The Department of Defense is front and center in this segment, spending billions of dollars to protect its systems and data. The need for improved security is certainly there, especially in an age where electronic or cyber-warfare continues to grow in prominence. So as I listen to those inside and outside government agencies about their cybersecurity challenges and needs and I consider what impacts growth prospects within the defense cyber- market, I am sensitive to aspects of this market that impact contractor addressability – the portion of the market that is addressable by contractors.

Workforce issues continue to be a challenge. The need for a growing and well-skilled cyber-workforce is a common theme with both industry and agencies, which means they are competing for talent. The one possible exception to this is the uniformed services that are building a cyber-workforce among their active duty personnel. While the Pentagon has its challenges with building and sustaining their IT security and cyber-warrior workforce (not everyone makes it a career and personnel often move with promotions) that doesn’t simply mean that contractors dominate this area. The fact remains that the majority of those in the DoD performing information security functions are in uniform or are government employees.

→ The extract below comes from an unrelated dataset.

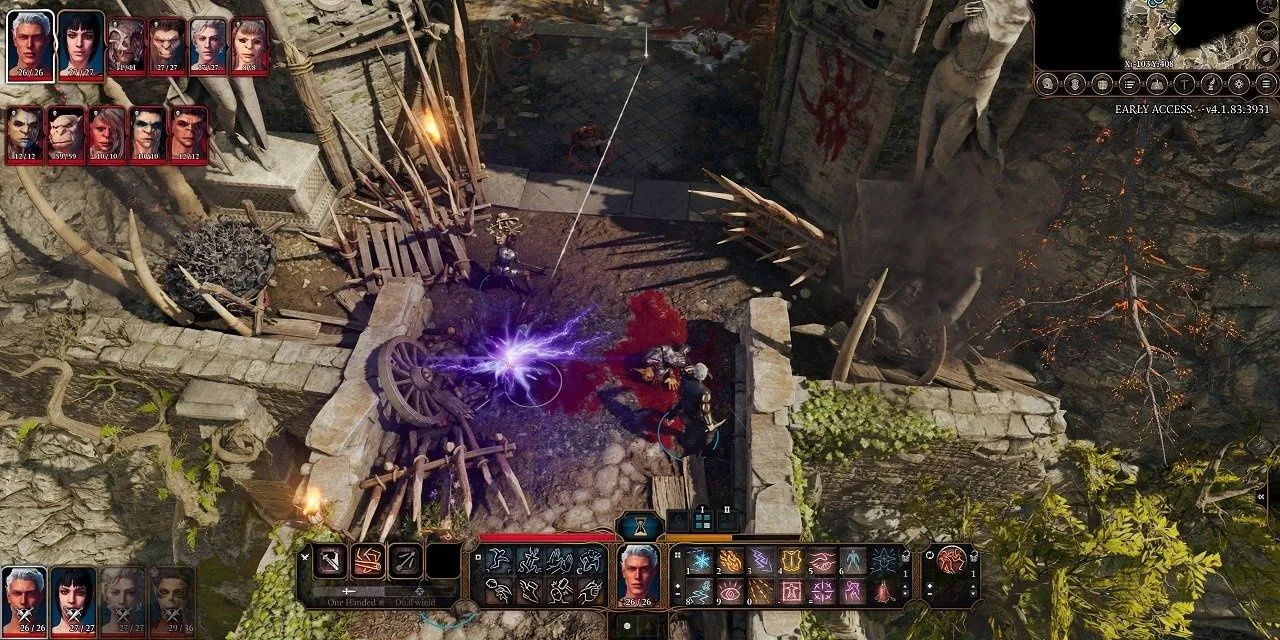 Casting Witch Bolt in Baldur's Gate 3 Casting Witch Bolt in Baldur's Gate 3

And the stated goal of each component within CYBERCOM is working to build its internal uniformed and government-internal cyber-workforce.  Even though the Pentagon spends upwards of $10+ billion on cybersecurity – and the vast majority of it is for people to do the work of security – the personnel make-up translates into nowhere near that in contractor addressability.

Another hot topic is the area of cyber-warfare and offensive cyber-capabilities and weapons. Since much of what is currently called cybersecurity has its roots in traditional areas like identity and access management, information assurance and others, the whole area of cyber-warfare skills and tools is a bit intriguing and a perceived potential growth area. Yet, it’s my sense that most of this will be people-centric activities, rather than existing software tools, and that most (but not all) of these activities will be done by government personnel rather than contractors, especially in the DoD.  For these kinds of disruptive tools (e.g. malware) to be most successful they need to be built in-house and kept secret until you need to use them, verses using existing tools, much of them available by open-source. I guess I see a limited opportunity for a (reputable) cottage industry for malware.

There is still a big opportunity in defense cybersecurity, but much of it is embedded in ongoing network support programs and traditional information assurance, as many who work in the space already know. But other areas that are not intrinsically cybersecurity-centric, like the move to the JIE, data center consolidation, cloud computing, and mobility, have direct security implications that will drive some demand.